**Exercise objective**
Copy out exactly the lines that begin with the one containing "NISSAN MOCO" and continue until the last line of the material.
Raw data below:
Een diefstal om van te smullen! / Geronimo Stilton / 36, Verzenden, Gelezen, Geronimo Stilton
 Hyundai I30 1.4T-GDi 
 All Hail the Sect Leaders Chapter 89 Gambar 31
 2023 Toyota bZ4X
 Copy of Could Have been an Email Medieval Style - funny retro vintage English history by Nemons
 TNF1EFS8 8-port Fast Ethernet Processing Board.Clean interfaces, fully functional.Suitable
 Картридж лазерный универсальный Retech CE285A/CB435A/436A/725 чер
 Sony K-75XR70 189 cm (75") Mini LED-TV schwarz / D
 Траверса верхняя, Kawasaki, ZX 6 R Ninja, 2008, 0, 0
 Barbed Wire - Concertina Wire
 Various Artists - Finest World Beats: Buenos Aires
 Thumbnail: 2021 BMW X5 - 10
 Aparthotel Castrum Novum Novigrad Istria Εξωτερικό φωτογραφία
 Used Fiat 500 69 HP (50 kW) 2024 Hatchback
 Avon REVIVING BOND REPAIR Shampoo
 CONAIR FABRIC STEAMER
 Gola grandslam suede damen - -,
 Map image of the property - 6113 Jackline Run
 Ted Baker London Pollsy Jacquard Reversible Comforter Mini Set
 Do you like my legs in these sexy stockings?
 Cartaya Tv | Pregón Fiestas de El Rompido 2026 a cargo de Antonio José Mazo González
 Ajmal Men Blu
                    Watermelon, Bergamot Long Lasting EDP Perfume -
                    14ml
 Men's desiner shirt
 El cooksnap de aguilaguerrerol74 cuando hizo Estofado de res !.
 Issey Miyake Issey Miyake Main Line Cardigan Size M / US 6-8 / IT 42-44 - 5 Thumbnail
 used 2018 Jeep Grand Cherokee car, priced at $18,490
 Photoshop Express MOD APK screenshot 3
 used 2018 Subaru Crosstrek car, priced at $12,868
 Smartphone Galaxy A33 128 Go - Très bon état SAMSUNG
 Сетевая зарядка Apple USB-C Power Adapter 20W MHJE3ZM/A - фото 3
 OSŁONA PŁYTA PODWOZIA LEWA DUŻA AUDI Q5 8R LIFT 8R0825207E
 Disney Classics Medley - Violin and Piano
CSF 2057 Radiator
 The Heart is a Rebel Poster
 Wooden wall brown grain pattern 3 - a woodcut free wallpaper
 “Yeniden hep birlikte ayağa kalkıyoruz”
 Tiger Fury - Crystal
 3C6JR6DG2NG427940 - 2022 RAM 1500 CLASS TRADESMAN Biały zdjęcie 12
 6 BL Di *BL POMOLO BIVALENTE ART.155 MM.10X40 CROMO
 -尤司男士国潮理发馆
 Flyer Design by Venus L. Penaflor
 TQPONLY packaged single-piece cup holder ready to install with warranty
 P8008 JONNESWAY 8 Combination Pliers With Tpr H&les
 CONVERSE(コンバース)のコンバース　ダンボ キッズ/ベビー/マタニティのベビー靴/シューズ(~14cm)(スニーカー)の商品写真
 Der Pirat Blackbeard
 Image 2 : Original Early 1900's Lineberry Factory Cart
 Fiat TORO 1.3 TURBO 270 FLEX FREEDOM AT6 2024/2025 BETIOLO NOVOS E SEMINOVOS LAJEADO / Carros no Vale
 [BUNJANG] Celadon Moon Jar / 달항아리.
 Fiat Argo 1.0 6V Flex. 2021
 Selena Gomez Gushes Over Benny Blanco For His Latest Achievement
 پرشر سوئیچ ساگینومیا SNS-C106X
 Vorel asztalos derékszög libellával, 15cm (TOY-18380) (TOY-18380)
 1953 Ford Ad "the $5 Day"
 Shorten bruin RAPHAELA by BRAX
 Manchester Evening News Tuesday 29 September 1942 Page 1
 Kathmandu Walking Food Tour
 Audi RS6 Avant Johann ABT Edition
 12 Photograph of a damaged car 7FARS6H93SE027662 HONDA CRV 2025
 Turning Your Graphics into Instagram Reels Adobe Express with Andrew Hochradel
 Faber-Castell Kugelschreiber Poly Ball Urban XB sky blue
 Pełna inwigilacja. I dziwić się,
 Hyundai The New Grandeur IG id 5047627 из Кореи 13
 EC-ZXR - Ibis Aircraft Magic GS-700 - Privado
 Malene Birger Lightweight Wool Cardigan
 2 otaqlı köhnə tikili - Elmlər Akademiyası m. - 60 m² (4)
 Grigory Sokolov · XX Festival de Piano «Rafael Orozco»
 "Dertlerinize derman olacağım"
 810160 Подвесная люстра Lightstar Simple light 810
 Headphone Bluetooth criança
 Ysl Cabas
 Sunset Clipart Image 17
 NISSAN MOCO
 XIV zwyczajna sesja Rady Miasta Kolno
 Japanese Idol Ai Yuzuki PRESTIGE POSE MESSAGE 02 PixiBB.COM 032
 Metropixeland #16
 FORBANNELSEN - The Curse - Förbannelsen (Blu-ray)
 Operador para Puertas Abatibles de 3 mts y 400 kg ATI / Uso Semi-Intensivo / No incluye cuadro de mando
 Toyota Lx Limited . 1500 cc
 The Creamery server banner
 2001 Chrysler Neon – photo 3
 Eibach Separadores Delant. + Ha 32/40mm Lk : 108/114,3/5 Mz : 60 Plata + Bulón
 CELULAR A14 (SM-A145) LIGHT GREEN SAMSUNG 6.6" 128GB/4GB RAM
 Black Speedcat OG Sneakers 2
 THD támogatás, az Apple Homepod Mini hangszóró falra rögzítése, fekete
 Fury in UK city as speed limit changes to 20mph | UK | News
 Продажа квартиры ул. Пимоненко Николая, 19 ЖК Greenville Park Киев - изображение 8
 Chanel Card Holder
End of Raw data.
**Solved exercise**
 NISSAN MOCO
 XIV zwyczajna sesja Rady Miasta Kolno
 Japanese Idol Ai Yuzuki PRESTIGE POSE MESSAGE 02 PixiBB.COM 032
 Metropixeland #16
 FORBANNELSEN - The Curse - Förbannelsen (Blu-ray)
 Operador para Puertas Abatibles de 3 mts y 400 kg ATI / Uso Semi-Intensivo / No incluye cuadro de mando
 Toyota Lx Limited . 1500 cc
 The Creamery server banner
 2001 Chrysler Neon – photo 3
 Eibach Separadores Delant. + Ha 32/40mm Lk : 108/114,3/5 Mz : 60 Plata + Bulón
 CELULAR A14 (SM-A145) LIGHT GREEN SAMSUNG 6.6" 128GB/4GB RAM
 Black Speedcat OG Sneakers 2
 THD támogatás, az Apple Homepod Mini hangszóró falra rögzítése, fekete
 Fury in UK city as speed limit changes to 20mph | UK | News
 Продажа квартиры ул. Пимоненко Николая, 19 ЖК Greenville Park Киев - изображение 8
 Chanel Card Holder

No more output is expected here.